The church is a typical Kievan Rus' construction built on an ancient stone church. Kievan Rus' architectural motifs can still be seen on the southern façade. The church retained its Ukrainian Baroque exteriour after restoration in the 17th-18th centuries by Master V. Stefanovych. During restoration, a new cupola was erected and interior paintings were added.
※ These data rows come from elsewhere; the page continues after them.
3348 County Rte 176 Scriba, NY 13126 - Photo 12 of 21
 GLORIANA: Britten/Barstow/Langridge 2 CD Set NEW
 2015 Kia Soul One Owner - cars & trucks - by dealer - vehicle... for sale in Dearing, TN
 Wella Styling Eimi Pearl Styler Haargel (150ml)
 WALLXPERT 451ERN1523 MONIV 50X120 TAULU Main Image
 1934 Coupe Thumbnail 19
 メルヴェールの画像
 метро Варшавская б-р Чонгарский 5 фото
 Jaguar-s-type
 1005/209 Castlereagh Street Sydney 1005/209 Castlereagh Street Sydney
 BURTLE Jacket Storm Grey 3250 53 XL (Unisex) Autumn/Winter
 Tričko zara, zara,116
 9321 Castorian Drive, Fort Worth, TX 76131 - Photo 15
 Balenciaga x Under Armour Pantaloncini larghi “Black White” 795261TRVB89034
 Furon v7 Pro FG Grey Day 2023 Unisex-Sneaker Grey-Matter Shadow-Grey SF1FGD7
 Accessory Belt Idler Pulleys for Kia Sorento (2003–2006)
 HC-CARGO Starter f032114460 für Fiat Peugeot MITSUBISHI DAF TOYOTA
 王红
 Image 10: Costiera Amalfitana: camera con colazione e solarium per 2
In 1725, a large sixteen-candle chandelier was installed. During the 1730s-1740s, artists from the monastery's iconography workshop decorated the church's interiour. The church's frescoes were based on Biblical scenes, and the exterior decor was based on Ukrainian folklore. Eighteenth-century compositions by F. Pavlovskyi, I. Maksimovych and A. Galik (with help from M. Yakubovych and I. Kadelskyi) have been preserved to this day, including "Faces of the Holy Martyr," "The Traders Cast Out of the Temple" and "The Council of Nicaea." The names of the painters were unknown for many years and only recently were revealed after archival research.

Interiour frescoes are a unique collection of 18th-century traditional Ukrainian architecture. Allegorical and historical Biblical topics are given in a noncanonical way; some include Ukrainian national ornaments. Carved wooden chairs, painted in Ukrainian folk tradition, are installed along the western wall.